Segment Start: Data for the task

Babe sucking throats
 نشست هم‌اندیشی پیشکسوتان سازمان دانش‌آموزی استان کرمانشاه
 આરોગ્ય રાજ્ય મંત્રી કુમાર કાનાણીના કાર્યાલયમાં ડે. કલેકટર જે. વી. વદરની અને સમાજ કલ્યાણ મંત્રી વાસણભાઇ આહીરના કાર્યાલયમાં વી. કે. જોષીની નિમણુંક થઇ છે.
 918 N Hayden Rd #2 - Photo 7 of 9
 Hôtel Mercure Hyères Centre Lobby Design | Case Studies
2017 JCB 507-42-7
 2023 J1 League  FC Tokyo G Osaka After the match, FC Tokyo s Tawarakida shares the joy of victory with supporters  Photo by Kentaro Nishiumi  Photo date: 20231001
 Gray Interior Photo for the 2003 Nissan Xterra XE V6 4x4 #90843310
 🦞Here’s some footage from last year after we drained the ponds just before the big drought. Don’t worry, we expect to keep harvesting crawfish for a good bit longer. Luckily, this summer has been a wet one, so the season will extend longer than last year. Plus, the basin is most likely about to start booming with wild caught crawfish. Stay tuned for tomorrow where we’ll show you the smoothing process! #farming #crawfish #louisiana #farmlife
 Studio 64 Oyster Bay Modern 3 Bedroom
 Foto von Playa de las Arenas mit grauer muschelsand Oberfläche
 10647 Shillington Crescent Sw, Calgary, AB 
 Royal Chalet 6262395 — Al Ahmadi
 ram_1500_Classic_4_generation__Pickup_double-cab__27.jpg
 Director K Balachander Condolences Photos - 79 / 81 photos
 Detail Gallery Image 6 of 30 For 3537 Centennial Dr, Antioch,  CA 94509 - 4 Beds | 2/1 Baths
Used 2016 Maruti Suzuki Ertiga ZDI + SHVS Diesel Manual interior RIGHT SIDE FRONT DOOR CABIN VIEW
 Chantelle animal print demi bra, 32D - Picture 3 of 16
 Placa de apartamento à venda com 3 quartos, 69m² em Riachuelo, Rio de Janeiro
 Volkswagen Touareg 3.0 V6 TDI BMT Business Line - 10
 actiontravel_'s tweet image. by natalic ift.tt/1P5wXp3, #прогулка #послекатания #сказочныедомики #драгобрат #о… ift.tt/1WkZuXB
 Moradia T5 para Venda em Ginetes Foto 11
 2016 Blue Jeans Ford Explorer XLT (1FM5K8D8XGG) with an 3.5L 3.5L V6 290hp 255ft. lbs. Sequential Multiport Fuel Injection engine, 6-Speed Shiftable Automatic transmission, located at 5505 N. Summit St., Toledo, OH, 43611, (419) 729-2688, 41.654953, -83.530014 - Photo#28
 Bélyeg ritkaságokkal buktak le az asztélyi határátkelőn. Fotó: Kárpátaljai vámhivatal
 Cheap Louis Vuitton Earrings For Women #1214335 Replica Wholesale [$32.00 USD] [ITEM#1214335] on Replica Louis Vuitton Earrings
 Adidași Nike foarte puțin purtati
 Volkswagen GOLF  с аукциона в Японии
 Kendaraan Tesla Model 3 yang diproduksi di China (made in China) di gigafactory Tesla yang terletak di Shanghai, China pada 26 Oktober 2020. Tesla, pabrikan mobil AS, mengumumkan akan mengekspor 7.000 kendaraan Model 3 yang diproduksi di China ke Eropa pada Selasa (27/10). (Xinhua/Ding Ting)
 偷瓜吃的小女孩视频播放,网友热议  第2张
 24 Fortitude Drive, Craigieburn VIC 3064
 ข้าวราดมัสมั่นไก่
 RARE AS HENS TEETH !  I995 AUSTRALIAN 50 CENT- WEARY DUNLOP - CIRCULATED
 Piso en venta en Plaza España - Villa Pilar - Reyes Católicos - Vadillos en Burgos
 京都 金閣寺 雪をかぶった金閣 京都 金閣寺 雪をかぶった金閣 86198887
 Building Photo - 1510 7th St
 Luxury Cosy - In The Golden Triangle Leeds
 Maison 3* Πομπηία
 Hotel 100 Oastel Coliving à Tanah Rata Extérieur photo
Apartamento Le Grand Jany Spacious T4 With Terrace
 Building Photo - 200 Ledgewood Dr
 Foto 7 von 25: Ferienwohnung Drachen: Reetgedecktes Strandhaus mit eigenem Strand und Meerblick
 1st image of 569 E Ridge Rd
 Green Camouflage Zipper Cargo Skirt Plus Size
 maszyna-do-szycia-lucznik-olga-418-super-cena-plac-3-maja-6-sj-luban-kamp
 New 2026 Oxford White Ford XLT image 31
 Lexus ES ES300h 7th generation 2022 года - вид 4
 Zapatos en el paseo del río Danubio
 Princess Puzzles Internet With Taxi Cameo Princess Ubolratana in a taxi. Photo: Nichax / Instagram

Segment End: Data for the task

Reproduce every line in the data that has the word "Plus" in it.

 🦞Here’s some footage from last year after we drained the ponds just before the big drought. Don’t worry, we expect to keep harvesting crawfish for a good bit longer. Luckily, this summer has been a wet one, so the season will extend longer than last year. Plus, the basin is most likely about to start booming with wild caught crawfish. Stay tuned for tomorrow where we’ll show you the smoothing process! #farming #crawfish #louisiana #farmlife
 Green Camouflage Zipper Cargo Skirt Plus Size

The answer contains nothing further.